** DATA FOR ANALYSIS follows **
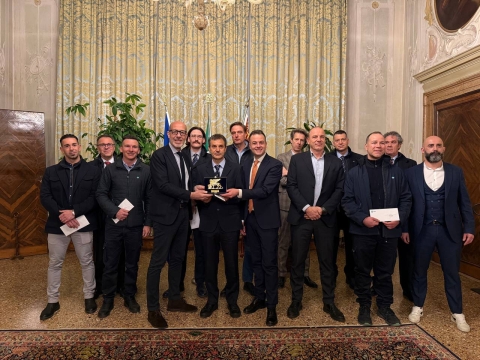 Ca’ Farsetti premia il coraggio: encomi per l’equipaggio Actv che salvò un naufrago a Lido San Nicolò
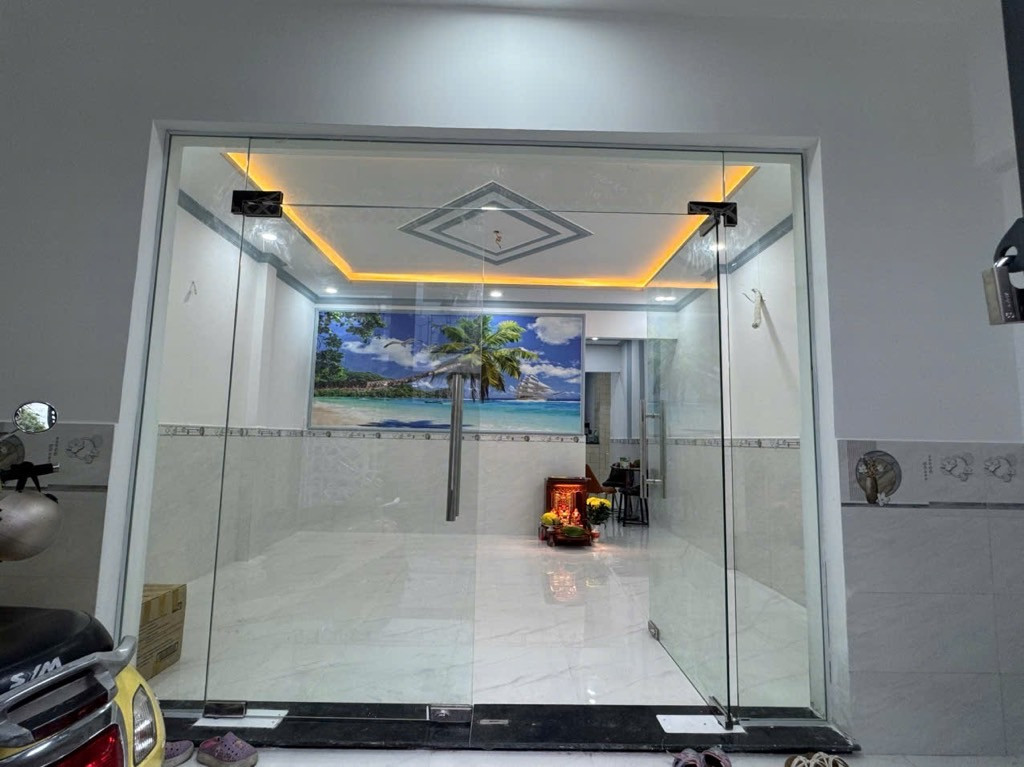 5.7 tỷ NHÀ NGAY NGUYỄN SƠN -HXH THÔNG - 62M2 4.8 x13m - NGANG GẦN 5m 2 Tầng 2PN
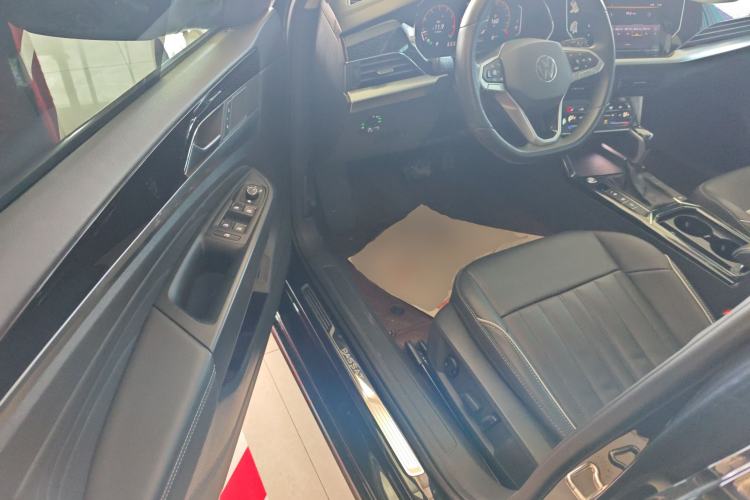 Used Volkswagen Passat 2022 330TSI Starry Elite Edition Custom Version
** End of DATA FOR ANALYSIS **
** DATA FOR ANALYSIS follows **
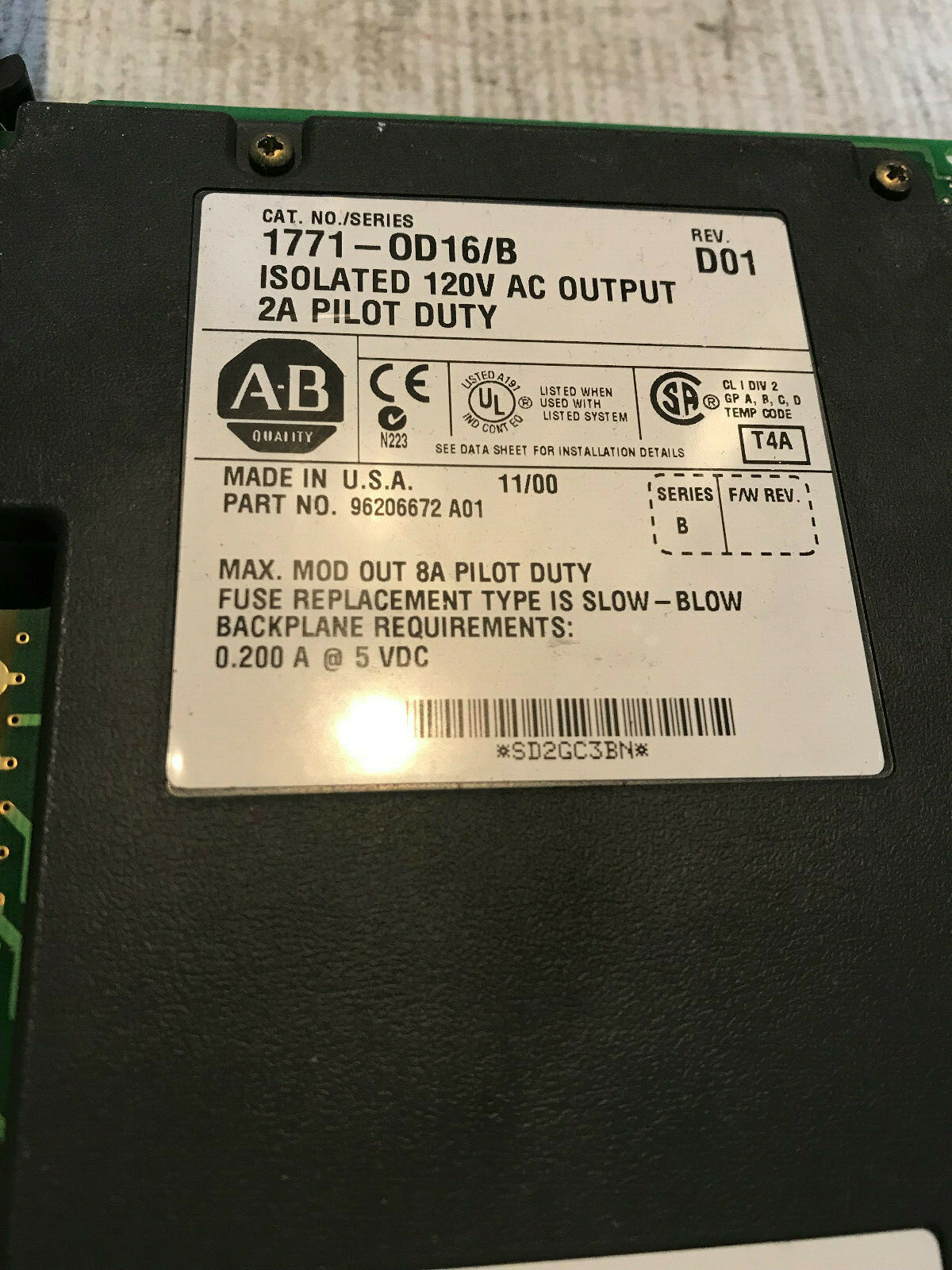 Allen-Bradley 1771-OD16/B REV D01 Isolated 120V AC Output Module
** End of DATA FOR ANALYSIS **
• ASSIGNMENT: Look above for the line with "Ca’ Farsetti premia"; quote it and every line after it, stopping after the line with "Used Volkswagen Passat", exactly, with nothing added and without pictures.

• RESPONSE TO THIS TASK:
 Ca’ Farsetti premia il coraggio: encomi per l’equipaggio Actv che salvò un naufrago a Lido San Nicolò
 5.7 tỷ NHÀ NGAY NGUYỄN SƠN -HXH THÔNG - 62M2 4.8 x13m - NGANG GẦN 5m 2 Tầng 2PN
 Used Volkswagen Passat 2022 330TSI Starry Elite Edition Custom Version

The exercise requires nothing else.